May 20, 2009 at 01:42 AM ·
Hello Buri, thanks for the input. I didn't know violins could be set up with different string spacings.
Just to clarify, I don't have problems with double stops or my fingers hitting others strings, it's mostly playing half steps with the 3rd and 4th fingers.
May 20, 2009 at 02:51 AM ·
One thing you might like to look at carefully is the angle at which your fingers are coming down on to the string from. Often in third position the 3rd and 4th fingers tend to come down at too low an angle and can be a problem for semitone spacing. The angle of the fingers is changeable depending on the sound that you need for a certain passage of music but getting the correct finger placement is a common enough problem in elementary students. This is something that you should go over with your teacher. Good luck! You could always try viola!!
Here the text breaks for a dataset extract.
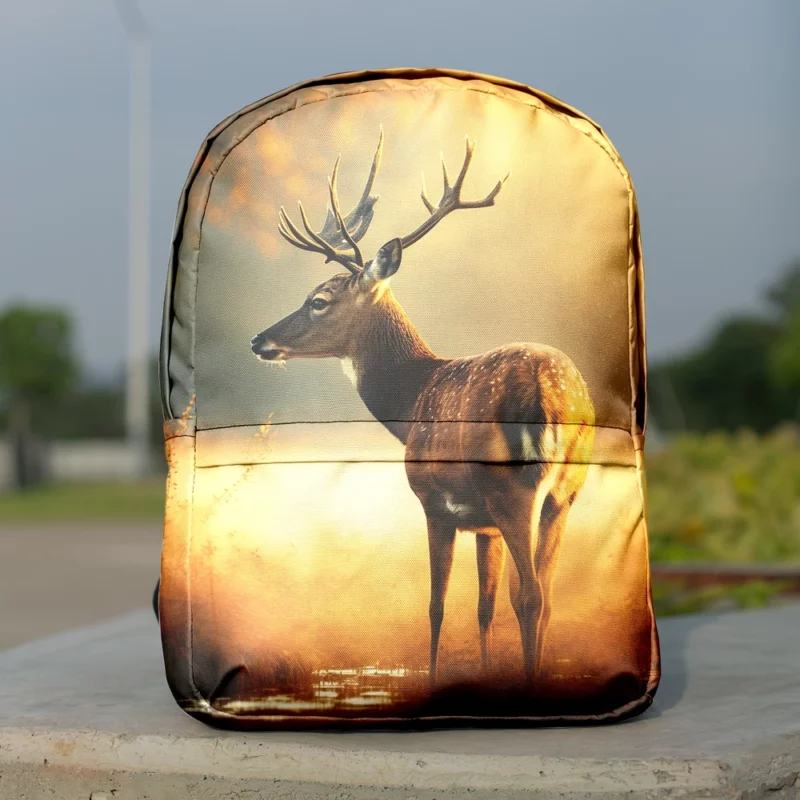 Deer in the Grasses by Water Minimalist Backpack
May 20, 2009 at 04:31 AM ·
You nailed it: you have to simply learn how to move your fingers out of the way. We all have to. I have medium fingers and have to move them out of the way in higher positions--you just have to do it lower down than most. There are also ways of hitting the very edge of the finger as well when playing a semitone. In the end, it won't be your finger size, but rather either your control over them that matters.
May 20, 2009 at 05:46 AM ·
I think there isa story abotu Auer in which one of his stduents explained she was not playing in tune because she had fat fingers. Auer responded that Wieniawski palyed flawlessly with fatfingers and that she wa sjust a fat head. (I may have imagine dht elast bit...
May 20, 2009 at 07:44 AM ·
EDIT: Oops didn't read through your post about Perlman. So you have thicker fingers than Perlman, perhaps you need a custom made fiddle?
May 20, 2009 at 01:01 PM ·
Can we exchange??? I will post you mine in express post with no return option! I have "japanese" type hands if I can call them like this although I'm not japanese at all! :) I have always been "very kindfully" slightly jealous of those who have big fingers and can play two strings at the same time in double stops + doing the most beautiful well rounded vibratos in the world IMHO... This sound is my DREAM sound! I never have to move my fingers to place the others even in very high positions but doing the "two strings for one finger stuff" and my dream wide and fleshy vibratos (especially in the high G and E) is almost "technically" impossible (yes it is possible because some small finger extraordinairy soloists do it but I believe it takes much strategy to compensate :) not to mention that toothpicks have a tendency become "ice" tempeture very easily!!!
Well, I guess the two extremes are tough!
In the meantime, you can always comfort yourself by looking to David Oistrakh's video on youtube! Such a sound and a very famous player! His hands are at least as big as Perlman when you see from close. And yes on some videos, he moves his fingers around to place the next one...
Good luck and don't forget my finger exchange offer!!!
May 20, 2009 at 02:39 PM ·
Benjamin-- Here's something to consider for down the road, If you have truly thick fingers, you might want to consider a bigger violin with a longer string length. Recently, I happened to see a British violin made around 1900 that was built on a large pattern with a proportionally longer string length, and it sounded wonderful. You might also consider a modern mezzo violin. There's more information at:
Most violinists have to learn how to move fingers aside to make room for other fingers, but to the extent possible I think playing should be a comfortable as possible. If your teacher ever gets you into fourth and higher positions, you will definitely appreciate the extra room.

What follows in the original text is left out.